We arrived from Oslo at 13:00, after a magnificent ride with the Bergen Railway (have a look at this post) and left Myrdal at 13:25 with the Flam train, which branches off the main route from Oslo to Bergen.

Online seat reservation for this small, cute train (if I remember well it had a wood interior) had not been possible and there were too many people waiting to board. I managed to get a window seat though, which was not really necessary, as we were all standing most of the time, trying to get a good shot. The speed limit is 30km/h when descending, but it did go even slower than that, which would have been ideal for taking photos, had it not been so crowded.

After running through shelters in the area of Myrdal, small tunnels, a big curve and a 900m long tunnel, we stopped at Kjosfossen waterfall (still covered with ice and snow in the middle of May), at an altitude of 670m, just 4km from Myrdal.




The fall is 225m tall, as it continues down into a gorge. A young blonde woman (I read they are students from the Norwegian Ballet school) in a red dress was dancing up on the hill, in the sound of the waterfall and Norwegian music…playing “Huldra”, a fairy that according to a Norwegian legend, haunts the forest and seduces men. You can see a sample of her performance here.

After the stop, we ran through two >1km tunnels and then crossed the Flamselvi (Flam River), followed by many short tunnels (no wonder it took them 20 years to build the line) and a magnificent scenery of steep mountains, snowy peaks, lakes, gorges and waterfalls.


Flamselvi and Rallar Road

The journey continues through one more long tunnel and passes by Rjoandefossen, another main attraction of this trip…but the Japanese tourists are going so crazy with their cameras that it is almost impossible to see anything.

The landscape then gets greener and less wild and dramatic…we will soon be approaching the valley and village of Flam, the port and Aurlandsfjord.
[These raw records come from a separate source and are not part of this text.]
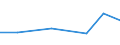 KN 90291000 /Exporte /Einheit = Preise (Euro/Tonne) /Partnerland: S.tome /Meldeland: Eur27_2020 /90291000:TourenzÃ¤hler, ProduktionszÃ¤hler, Taxameter, KilometerzÃ¤hler, SchrittzÃ¤hler und Andere ZÃ¤hler (Ausg. Gas-, FlÃ¼ssigkeits- und ElektrizitÃ¤tszÃ¤hler)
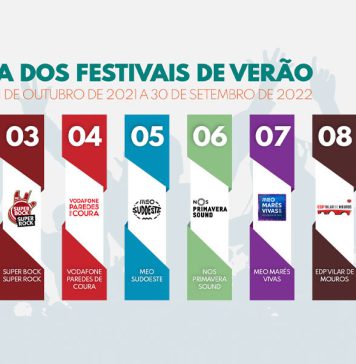 Maratona dos Festivais de Verão - Ranking Cision
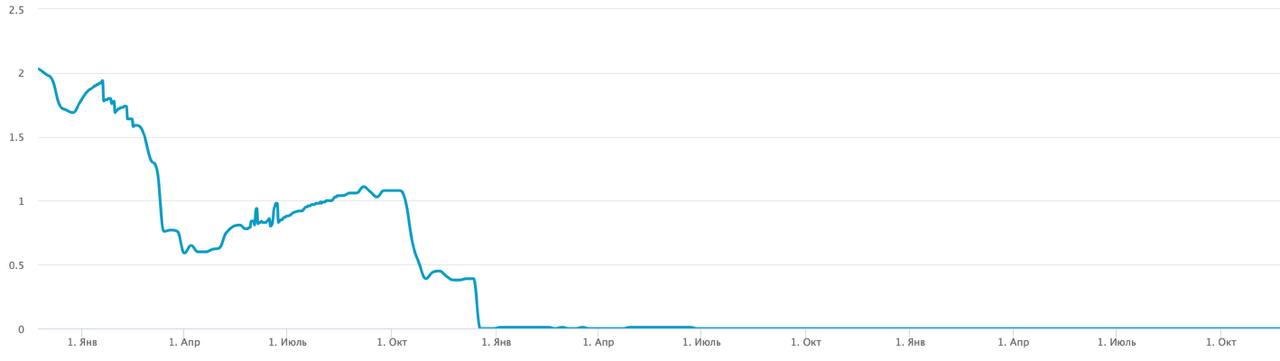 Цифровые инфлюенсеры, помните таких? 
Иногда я ставлю себе в календарь «задачу на много лет вперёд», вернуться к какой-нибудь теме и проверить, что там и как. 
Вот сработал один из таких таймеров | Сетка — социальная сеть от hh.ru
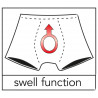 Svenjoyment String Swellfunktion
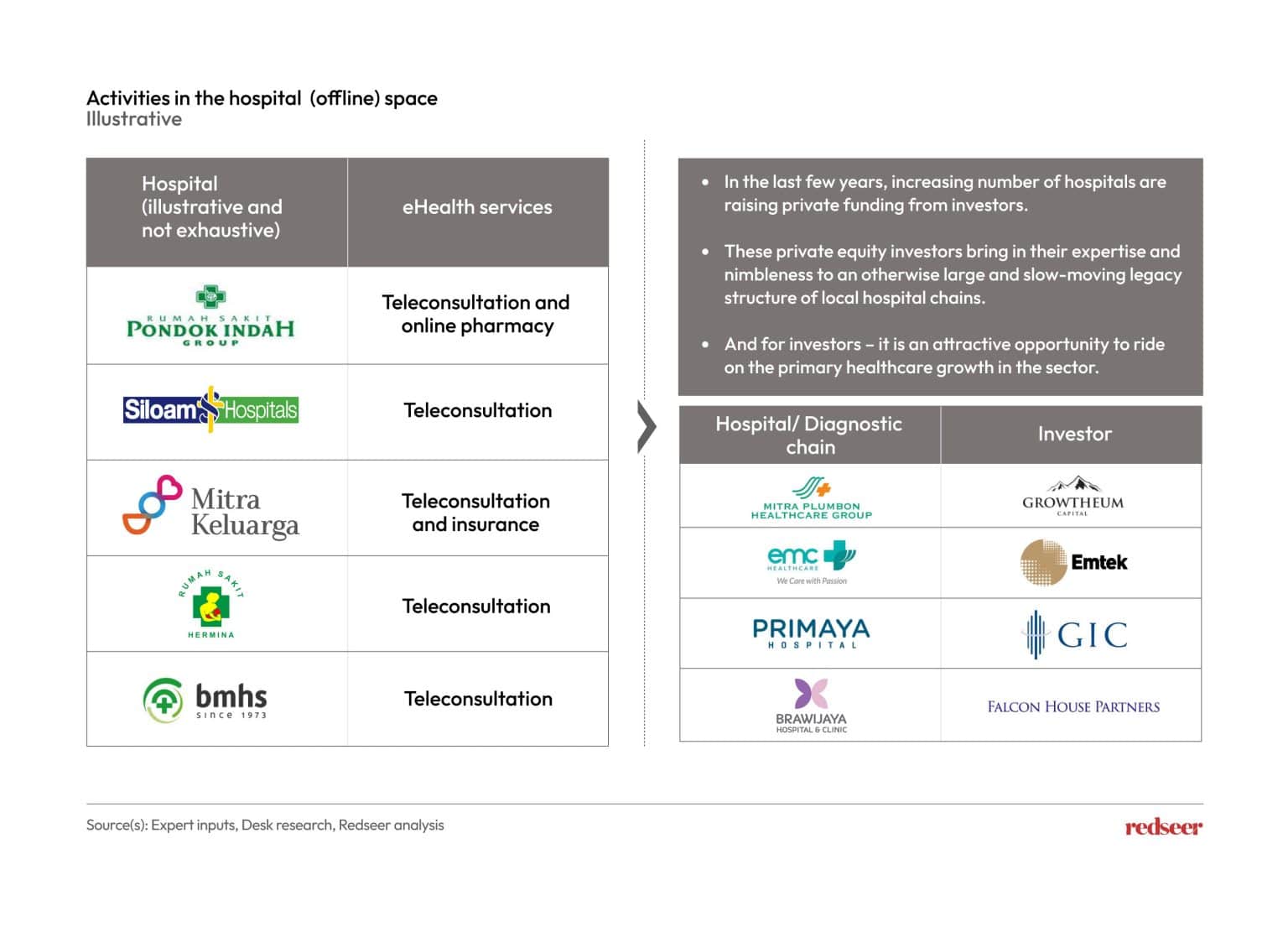 Indonesia's Journey To Better Health & Wellness: Part 1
You will find more photos here. That was a spectacular ride, which only cost me 360 NOK (remember to book it directly through the NSB official site, as agencies charge significantly more), less than the meal I had in Oslo the night before. It was the best “dessert” after the Bergen Railway experience…how many wonders had my eyes seen that day…and it was not even 14:30 yet. Thank you Norway!!!! I would have boarded on the train to go uphill now and hike or cycle along the last 20km of the famous Rallar Road, all the way down to Flam again, had I not needed to catch the ferry to Bergen in an hour.